__EXERCISE OBJECTIVE__. Among the records below, find the line that has "Rule 34 | 1girl, arms"; from there, give the lines again exactly, and stop after the line that has "Bakelite/metal 'Seconds' wall".

__RECORDS TO PROCESS__.
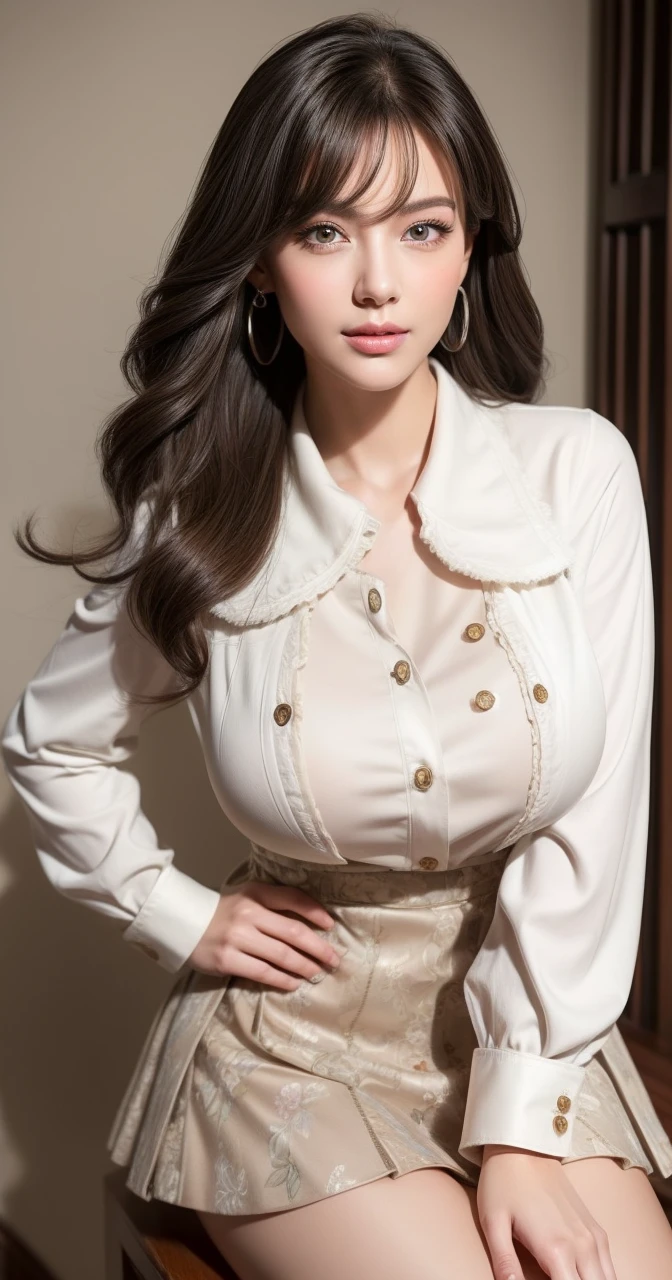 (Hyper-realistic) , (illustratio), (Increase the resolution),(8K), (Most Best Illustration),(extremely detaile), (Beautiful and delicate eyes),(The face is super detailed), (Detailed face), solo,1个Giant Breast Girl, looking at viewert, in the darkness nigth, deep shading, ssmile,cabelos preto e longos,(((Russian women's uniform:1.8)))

...

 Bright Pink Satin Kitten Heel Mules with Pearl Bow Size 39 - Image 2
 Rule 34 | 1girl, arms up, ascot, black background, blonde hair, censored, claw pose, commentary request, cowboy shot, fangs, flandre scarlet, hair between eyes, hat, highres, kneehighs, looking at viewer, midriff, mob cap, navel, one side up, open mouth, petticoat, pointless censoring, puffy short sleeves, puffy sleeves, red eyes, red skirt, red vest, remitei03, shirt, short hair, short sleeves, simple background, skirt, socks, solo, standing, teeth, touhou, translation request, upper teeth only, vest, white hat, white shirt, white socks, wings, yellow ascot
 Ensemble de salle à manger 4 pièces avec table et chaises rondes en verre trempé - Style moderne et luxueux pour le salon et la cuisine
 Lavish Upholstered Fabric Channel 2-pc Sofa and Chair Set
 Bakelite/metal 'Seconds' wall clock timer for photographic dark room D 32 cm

...

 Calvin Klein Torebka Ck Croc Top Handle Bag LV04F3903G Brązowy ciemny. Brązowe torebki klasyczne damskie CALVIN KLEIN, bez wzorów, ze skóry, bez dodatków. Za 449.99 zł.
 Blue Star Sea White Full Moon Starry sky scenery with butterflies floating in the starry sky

__ANSWER__.
 Rule 34 | 1girl, arms up, ascot, black background, blonde hair, censored, claw pose, commentary request, cowboy shot, fangs, flandre scarlet, hair between eyes, hat, highres, kneehighs, looking at viewer, midriff, mob cap, navel, one side up, open mouth, petticoat, pointless censoring, puffy short sleeves, puffy sleeves, red eyes, red skirt, red vest, remitei03, shirt, short hair, short sleeves, simple background, skirt, socks, solo, standing, teeth, touhou, translation request, upper teeth only, vest, white hat, white shirt, white socks, wings, yellow ascot
 Ensemble de salle à manger 4 pièces avec table et chaises rondes en verre trempé - Style moderne et luxueux pour le salon et la cuisine
 Lavish Upholstered Fabric Channel 2-pc Sofa and Chair Set
 Bakelite/metal 'Seconds' wall clock timer for photographic dark room D 32 cm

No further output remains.